Start the REST server with routeframe serve (default: localhost:11435). All endpoints accept and return JSON.

POST /api/forecast

POST/api/forecast

Run a time series forecast with a loaded model.

Request body

{
  "model": "toto",
  "input": [[20, 22, 19, 23, 21, 25, 24, 26, 27, 25]],
  "prediction_length": 4,
  "future_exogenous": [[0, 1, 1, 0]]
}
FieldTypeRequiredDescription
modelstringYesModel name: toto, timesfm, chronos2
inputfloat[][]YesArray of time series arrays. One inner array per variate.
prediction_lengthintNoNumber of future steps to predict.

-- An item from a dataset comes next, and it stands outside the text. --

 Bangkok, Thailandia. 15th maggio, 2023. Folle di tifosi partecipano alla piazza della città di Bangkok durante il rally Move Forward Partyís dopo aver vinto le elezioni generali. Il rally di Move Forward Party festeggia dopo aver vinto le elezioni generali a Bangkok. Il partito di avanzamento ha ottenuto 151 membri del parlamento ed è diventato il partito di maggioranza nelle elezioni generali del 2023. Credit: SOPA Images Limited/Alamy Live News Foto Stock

Default: 1.
future_exogenousfloat[][]NoKnown future covariate values (one array per covariate, length = prediction_length).

Response

{
  "model": "toto",
  "mean": [[68.42, 71.05, 69.88, 72.31]],
  "inference_time_ms": 4
}
FieldTypeDescription
meanfloat[][]Point predictions. One inner array per variate.
inference_time_msintWall-clock inference latency in milliseconds.

GET /api/tags

GET/api/tags

List all models that are downloaded and ready to use.

{
  "models": [
    {
      "name": "toto",
      "architecture": "toto2",
      "size_bytes": 16581280
    },
    {
      "name": "timesfm",
      "architecture": "timesfm",
      "size_bytes": 462817120
    }
  ]
}

POST /api/pull

POST/api/pull

Download a model from the registry in the background. The model will be available for inference once the download completes. With no flags, pulls the latest version and smallest parameter count.

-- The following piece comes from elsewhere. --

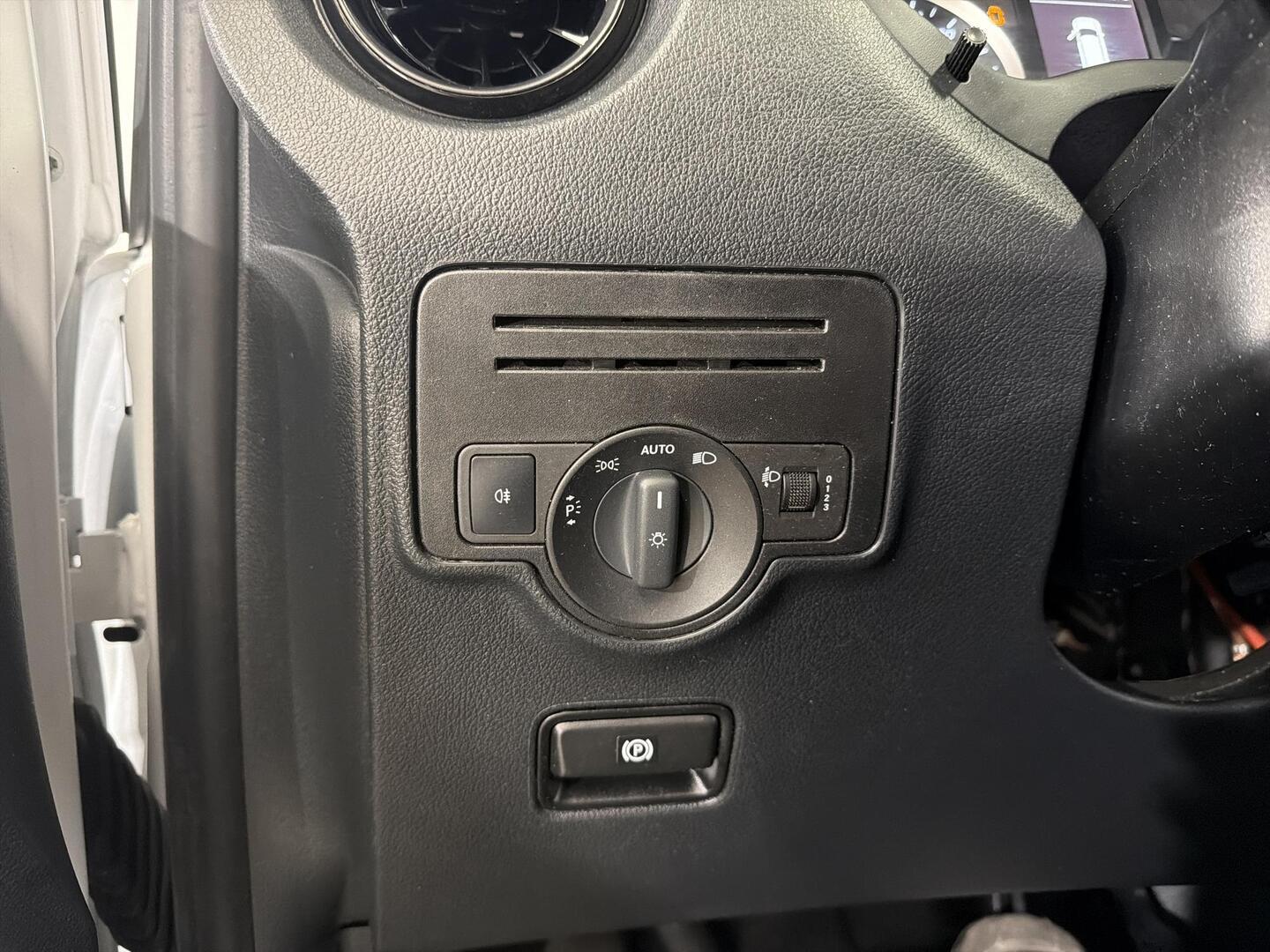 MERCEDES-BENZ Vito 2022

// Request -- pull the default for this model
{ "model": "toto" }

// Request -- pin a specific version + parameter count + variant
{ "model": "toto", "version": "2.0", "params": "1b", "variant": "f32" }

// Response
{ "status": "started", "model": "toto" }
FieldTypeRequiredDescription
modelstringYesModel name: toto, timesfm, chronos2.
versionstringNoModel version (e.g. 1.0, 2.0). Defaults to the registry's default_version.
paramsstringNoParameter-count label (e.g. 4m, 1b, open-base). Defaults to the version's default_params.
variantstringNoFile variant: f16 (half-precision) or f32 (full precision). Defaults to f16 when available, else f32.
Backward compatibility: the older two-field form ({"model","variant"}) continues to work; it resolves to the model's legacy variants block. Toto 2.0 ships f32 only — see the Toto model page for why.

POST /api/finetune

POST/api/finetune

Start a fine-tuning job in the background. The job runs asynchronously — poll /api/finetune/status to track progress.

// Request
{
  "output_model": "my-model",
  "data_path": "/path/to/data.csv",
  "targets": ["cpu_usage"],
  "exogenous": ["is_holiday"],
  "steps": 1400
}

// Response
{ "job_id": "ft-1", "status": "running" }
FieldTypeDescription
output_modelstringName for the saved fine-tuned model.
data_pathstringAbsolute path to a CSV file with a timestamp column and target column(s).
targetsstring[]Column names to forecast.
exogenousstring[]Optional known-future covariate column names.
stepsintTraining steps. Default: 1000.

Check job status

GET/api/finetune/status?id=ft-1
{
  "job_id": "ft-1",
  "status": "completed",
  "output_model": "my-model",
  "error": null
}

Status values: running, completed, failed.

POST /api/show

POST/api/show

Return metadata for a specific model.

// Request
{ "model": "toto" }

// Response
{
  "name": "toto",
  "architecture": "toto2",
  "size_bytes": 16581280,
  "path": "/Users/you/.routeframe/models/toto.gguf"
}

DELETE /api/delete

DELETE/api/delete

Remove a downloaded model from disk.

// Request
{ "model": "toto" }

// Response
{ "status": "deleted", "model": "toto" }

GET /health

GET/health

Health check. Returns 200 OK when the server is ready.

{ "status": "ok", "version": "0.7.3" }

Error responses

All endpoints return standard HTTP status codes. Error bodies follow this shape:

{
  "error": "model 'toto' not found — run: routeframe pull toto"
}
StatusMeaning
400Bad request — missing or invalid fields in the request body.
404Model or resource not found.
500Inference or internal error.